# TASK DIRECTIONS
Every line from the one containing "Sweat-shirt de travail" through the end of the listing below must be given again exactly, and nothing else; exclude pictures.

# RAW DATA
::::::
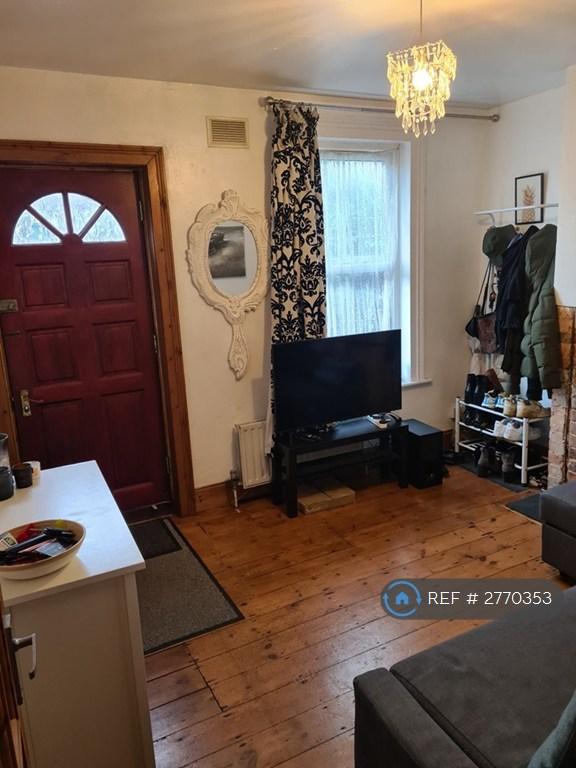 Front Sitting Room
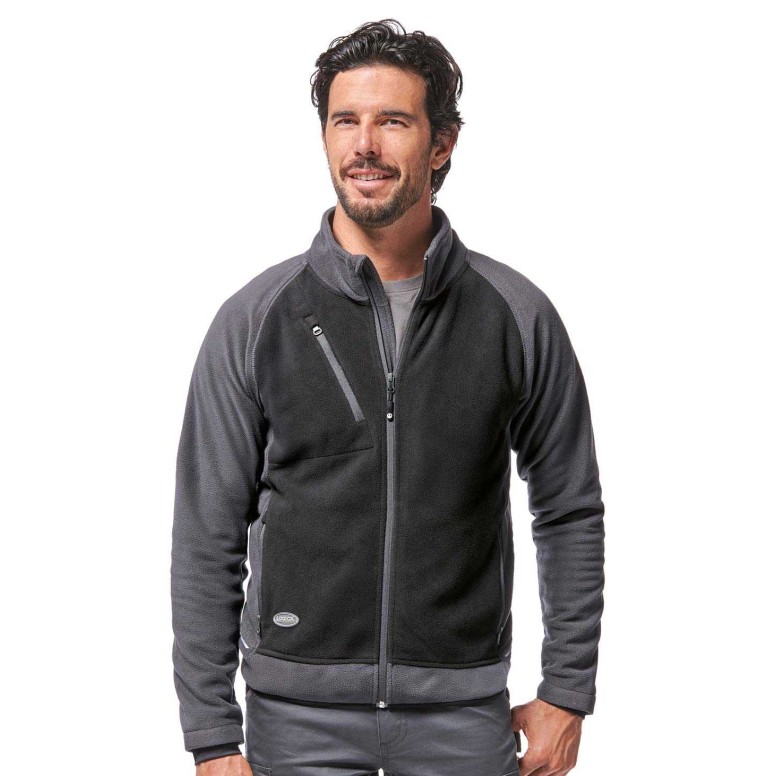 Sweat-shirt de travail Logica en polaire ITAKA1...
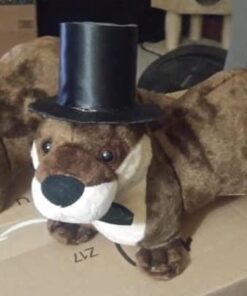 Wild Republic River Otter Plush, Stuffed Animal, Plush Toy, Gifts for Kids, Cuddlekins 12" 36 4198p20p3dL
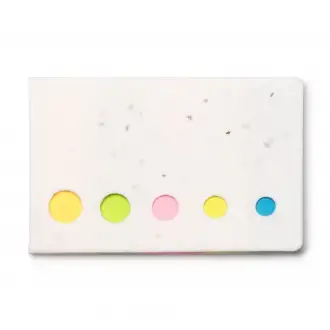 SENSE - Notepad made from recycled paper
::::::
# SOLUTION
 Sweat-shirt de travail Logica en polaire ITAKA1...
 Wild Republic River Otter Plush, Stuffed Animal, Plush Toy, Gifts for Kids, Cuddlekins 12" 36 4198p20p3dL
 SENSE - Notepad made from recycled paper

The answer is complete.